The other thing I disliked is that it seemed to me that a few students hid out during the project, latching on remora-like to their more capable teammates to secure a good mark with no work. It irritates me to pass students who are not able to write code (not good code, or even mediocre code – just not write code! See Fizzbuzz). It is very difficult to (defensibly) identify these people, however. One technique which I should have used is to ask questions of the indifividual students during their final demos. This would help to identify who actually knows what the heck is going on.

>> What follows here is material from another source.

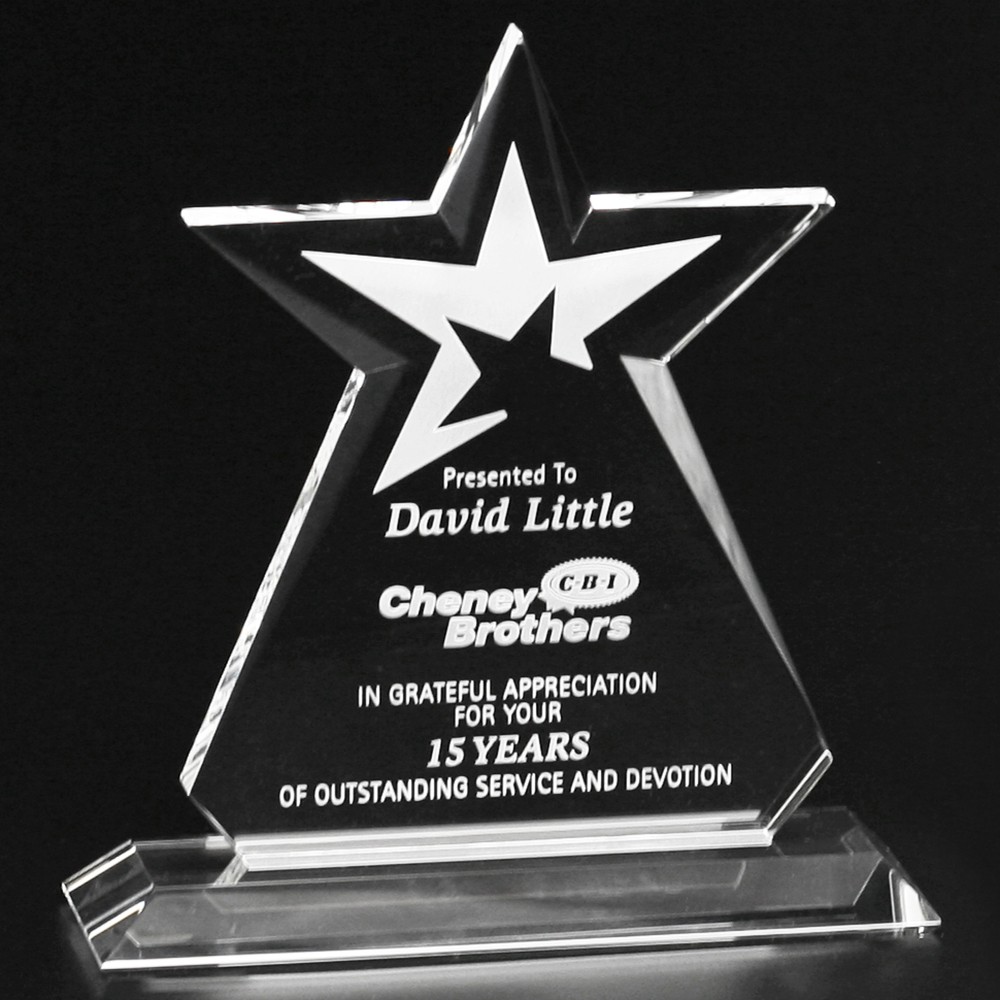 Picture of Guardian Award 10-1/2"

Academic dishonesty and software engineering

On the one hand we cannot prohibit collaboration and code re-use: these are fundamental practices in software engineering. On the other hand, we need to assess the student’s actual contribution. I had a few interesting cases that suggest our pollicies in this area need more attention.
1. One group used a sample Ruby on Rails project to bootstrap their application. It came with most of the controllers they needed. They then customized the UI and logic to implement the functionality (poorly).
2. Another team hired a third-party designer to do custom artwork for the project (which looked fantastic).
3. A different team had a friend with web design expertise work on the CSS for the project.
4. Several teams used Twitter’s Bootstrap UI library or JqueryUI to simplify their efforts on the design end.
5. Many groups used third-party libraries to simplify their life, like JQuery, Rails, image libraries, etc.

Obviously, most of these are exactly what would happen in industry. On the other hand, it definitely gains one an advantage. The Twitter Bootstrap apps all looked an order of magnitude better than the custom apps.

My principle was the remixing and reuse was fine, as long as it was properly acknowledged. In the design case, we could try to discount that aspect of the UI in the marking. But it is almost certainly the case that some groups did NOT acknowledge their use of other people’s IP, and yet benefited from it. I don’t have a good solution to the problem of detecting code reuse. And furthermore, the burden of proof is pretty high to call something cheating, and requires more than a gut feeling or a commit to Github that touched hundreds of files at once (i.e. a bulk commit of 3rd party code).

IT role

One of the things which I think will only become more prevalent is the use of third-party services to manage the course. In the past, students would use CS department machines and servers to do their assignments, a CS database server, and store code on the department subversion or IBM RTC servers.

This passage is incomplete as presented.